> [Exercise brief] Locate "Sixth view of" in the records below, then copy its line and every following line exactly, without the pictures.

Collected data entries
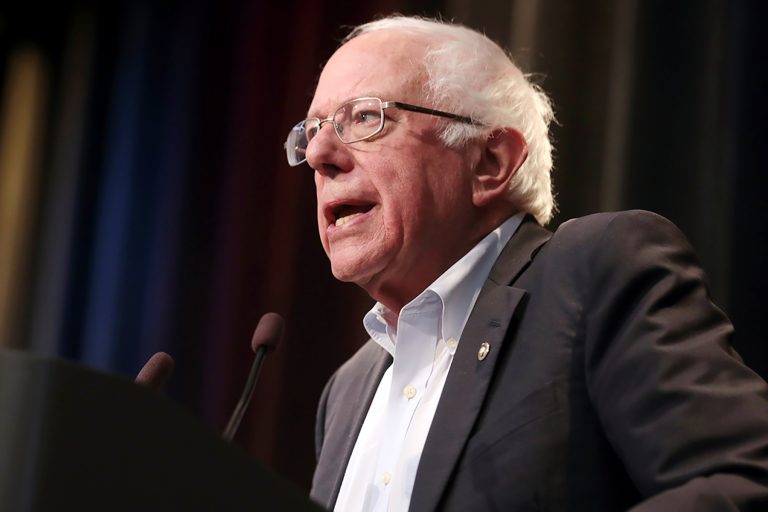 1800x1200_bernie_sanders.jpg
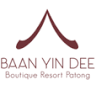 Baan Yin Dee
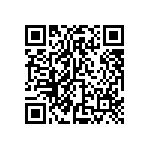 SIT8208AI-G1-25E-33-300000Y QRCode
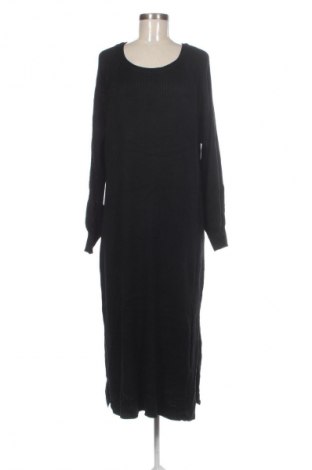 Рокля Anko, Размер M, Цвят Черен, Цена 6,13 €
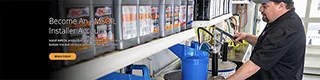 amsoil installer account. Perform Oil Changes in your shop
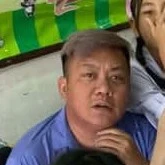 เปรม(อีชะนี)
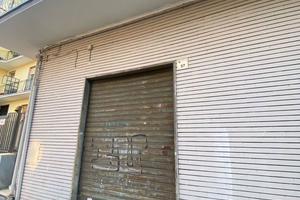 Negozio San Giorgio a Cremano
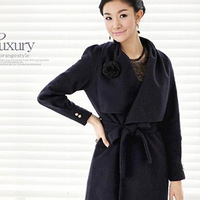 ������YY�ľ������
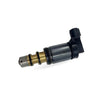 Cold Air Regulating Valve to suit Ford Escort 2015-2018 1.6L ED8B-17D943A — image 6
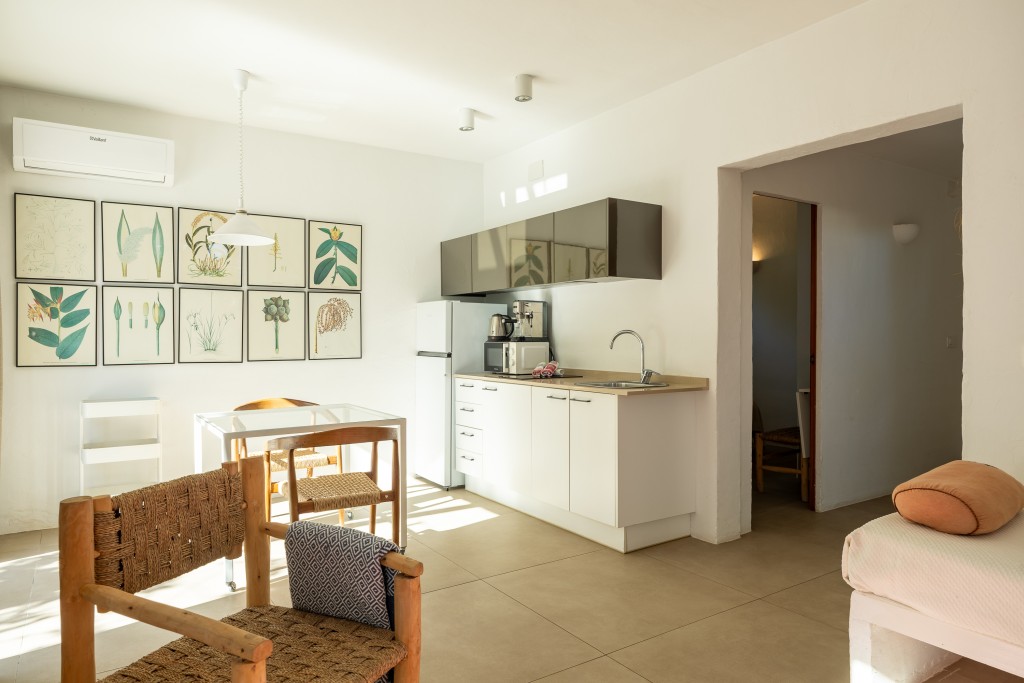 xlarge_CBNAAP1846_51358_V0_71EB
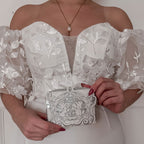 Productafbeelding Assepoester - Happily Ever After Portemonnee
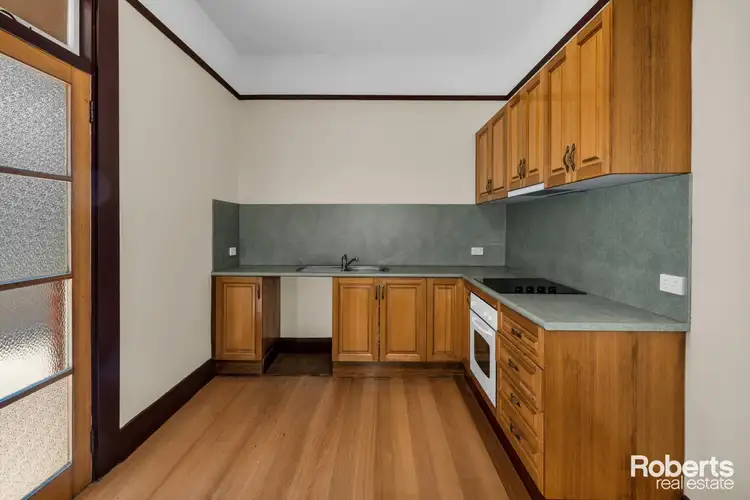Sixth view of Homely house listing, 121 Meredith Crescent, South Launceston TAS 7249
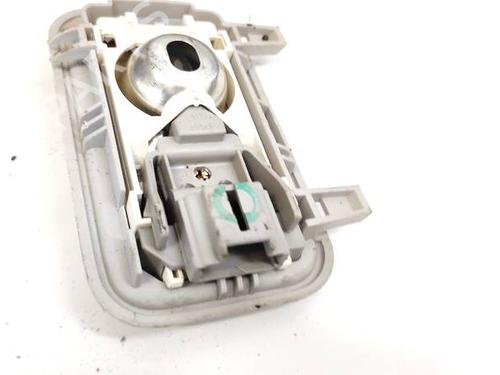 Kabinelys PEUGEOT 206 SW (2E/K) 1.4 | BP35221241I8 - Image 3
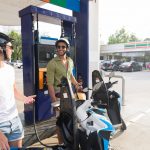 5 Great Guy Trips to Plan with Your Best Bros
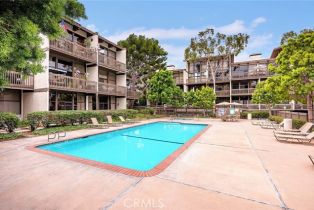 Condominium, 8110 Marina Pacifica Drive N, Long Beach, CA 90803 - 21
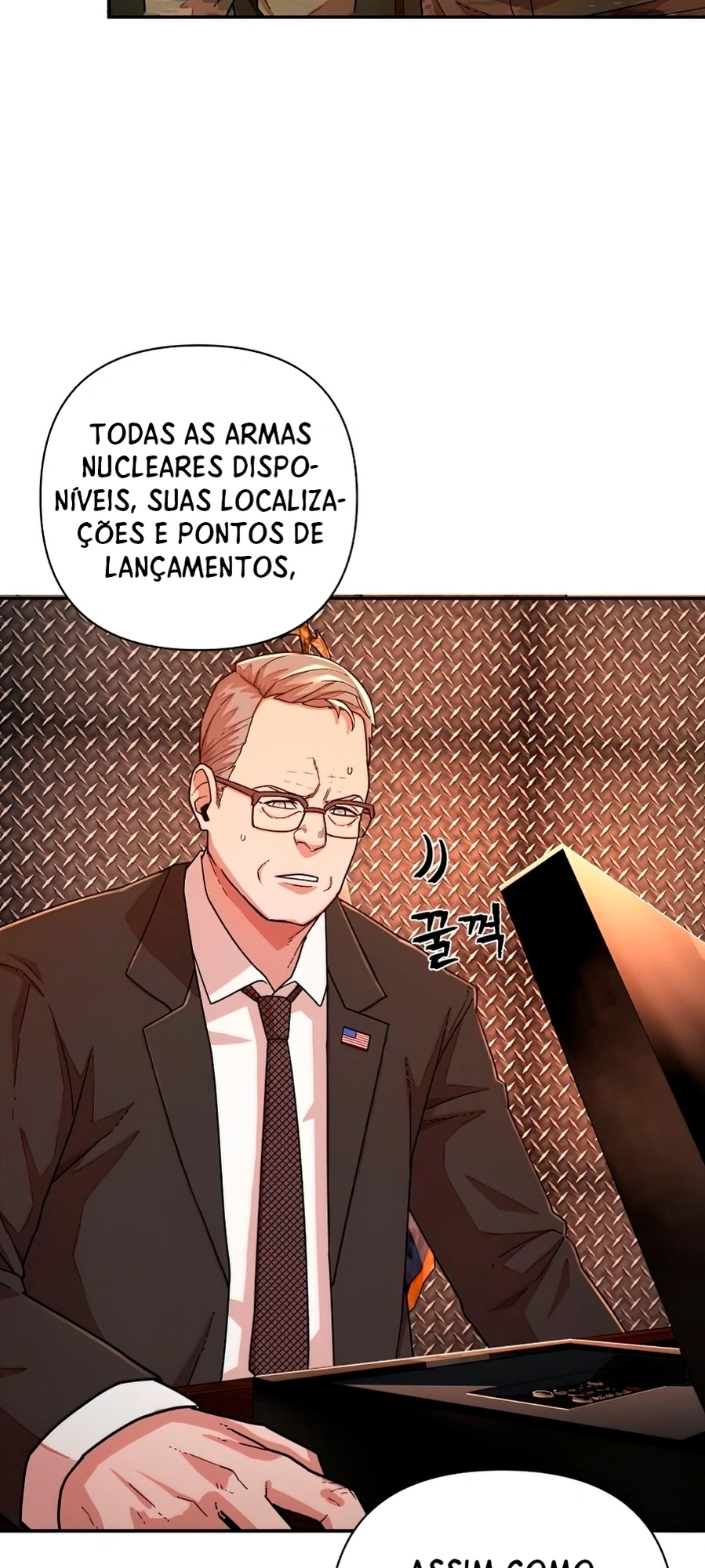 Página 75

> [Answer space]
Sixth view of Homely house listing, 121 Meredith Crescent, South Launceston TAS 7249
 Kabinelys PEUGEOT 206 SW (2E/K) 1.4 | BP35221241I8 - Image 3
 5 Great Guy Trips to Plan with Your Best Bros
 Condominium, 8110 Marina Pacifica Drive N, Long Beach, CA 90803 - 21
 Página 75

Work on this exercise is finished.